Later I get in the Mondeo a
nd drive over to the house to meet Dave, before the old man arrives to talk about money.
Twenty Two
Dave’s rushed over from a job and somehow looks right in his work clothes that show residues of dirt and dust. His eyes are a little tired, enough to reveal a reasonable level of work ethic respectability, a hard-working, middle-aged guy fitting in with what the world expects of him. But it’s not too much; it looks like he’s found the balance. I ask him again if he wants to add anything to the eulogy and he declines, insisting I’m the expert.
‘Just don’t overdo it,’ he warns, smiling in a way that is intended to convey kindness but doesn’t manage it.
‘What’s that supposed to mean?’
‘No offense Jo, but, you know, just keep it short and sweet.’
After Dad arrives, Dave doesn’t waste any time in sitting us around the kitchen table, freshly brewed coffee ready. His business ideas have progressed a lot since the evening we met at the grill place, I discover with some surprise, as he kept quiet about it last night at the beach. He and Karen have been looking into a franchise restaurant opportunity, a safer bet than building up from something new, we are told, and they’ve found out you don’t need much investment cash to purchase the franchise agreement fee, although he’s evasive about exactly how much. You also have to apply for a business loan for all the other costs.
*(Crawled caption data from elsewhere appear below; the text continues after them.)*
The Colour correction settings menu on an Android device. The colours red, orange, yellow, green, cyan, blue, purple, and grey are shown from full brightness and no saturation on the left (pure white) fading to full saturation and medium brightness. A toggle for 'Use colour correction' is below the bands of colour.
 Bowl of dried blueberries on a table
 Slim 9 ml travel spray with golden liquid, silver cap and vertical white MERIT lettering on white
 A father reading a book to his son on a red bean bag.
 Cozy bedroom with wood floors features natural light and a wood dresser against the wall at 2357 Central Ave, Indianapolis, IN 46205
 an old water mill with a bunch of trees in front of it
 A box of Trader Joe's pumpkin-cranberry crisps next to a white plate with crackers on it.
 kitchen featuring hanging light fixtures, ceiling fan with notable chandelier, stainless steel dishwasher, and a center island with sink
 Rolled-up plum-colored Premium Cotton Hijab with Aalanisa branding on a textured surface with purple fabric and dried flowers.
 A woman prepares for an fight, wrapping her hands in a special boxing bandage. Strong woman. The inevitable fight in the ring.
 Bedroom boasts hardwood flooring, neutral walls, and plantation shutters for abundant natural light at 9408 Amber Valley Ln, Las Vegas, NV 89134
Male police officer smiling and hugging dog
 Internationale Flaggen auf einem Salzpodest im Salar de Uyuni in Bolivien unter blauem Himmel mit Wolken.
‘But you see Dad, that’s the easier part because the banks want to help businesses around here and a franchise is so much less risky because the company offers training, gets people started, hooks them up with suppliers and all the rest. And of course, the less I have to ask for in terms of the business loan, the better,’ Dave says with a surprising level of professionalism and confidence.
They’ve already located a space in the centre of town that looks good, just down the road from Dad’s, and they’re looking at applying for the BGR Burger Joint franchise. He’s done some research and starts quoting a list of BGR success stories.